Section 7 -- Other Terms and Conditions.

a. The Licensor shall not be bound by any additional or different terms or conditions communicated by You unless expressly agreed.

b. Any arrangements, understandings, or agreements regarding the Licensed Material not stated herein are separate from and independent of the terms and conditions of this Public License.

Section 8 -- Interpretation.

a. For the avoidance of doubt, this Public License does not, and shall not be interpreted to, reduce, limit, restrict, or impose conditions on any use of the Licensed Material that could lawfully be made without permission under this Public License.

b. To the extent possible, if any provision of this Public License is deemed unenforceable, it shall be automatically reformed to the minimum extent necessary to make it enforceable. If the provision cannot be reformed, it shall be severed from this Public License without affecting the enforceability of the remaining terms and conditions.

c. No term or condition of this Public License will be waived and no failure to comply consented to unless expressly agreed to by the Licensor.

d. Nothing in this Public License constitutes or may be interpreted as a limitation upon, or waiver of, any privileges and immunities that apply to the Licensor or You, including from the legal processes of any jurisdiction or authority.

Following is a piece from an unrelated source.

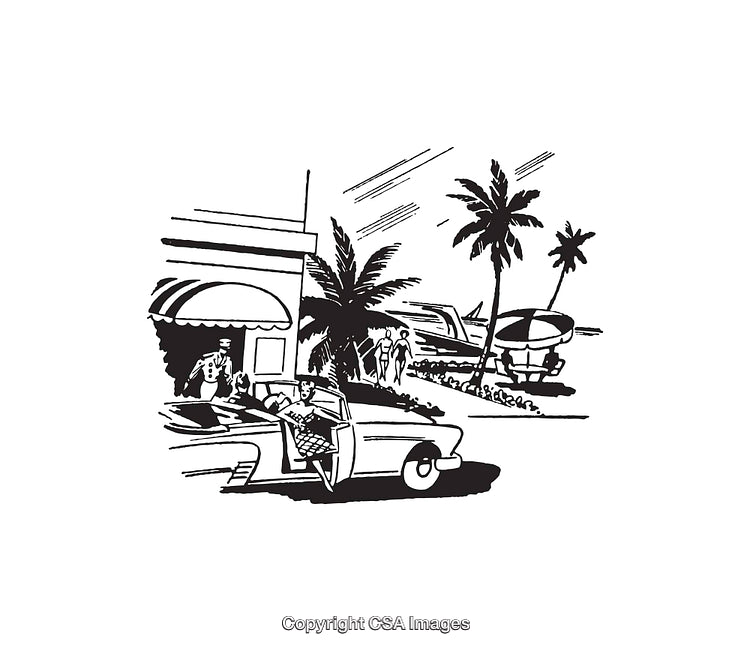 Vintage Line Art Illustration of Beachside Life with Classic Car and People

Creative Commons is not a party to its public licenses. Notwithstanding, Creative Commons may elect to apply one of its public licenses to material it publishes and in those instances will be considered the “Licensor.” The text of the Creative Commons public licenses is dedicated to the public domain under the CC0 Public Domain Dedication. Except for the limited purpose of indicating that material is shared under a Creative Commons public license or as otherwise permitted by the Creative Commons policies published at creativecommons.org/policies, Creative Commons does not authorize the use of the trademark "Creative Commons" or any other trademark or logo of Creative Commons without its prior written consent including, without limitation, in connection with any unauthorized modifications to any of its public licenses or any other arrangements, understandings, or agreements concerning use of licensed material. For the avoidance of doubt, this paragraph does not form part of the public licenses.

Creative Commons may be contacted at creativecommons.org.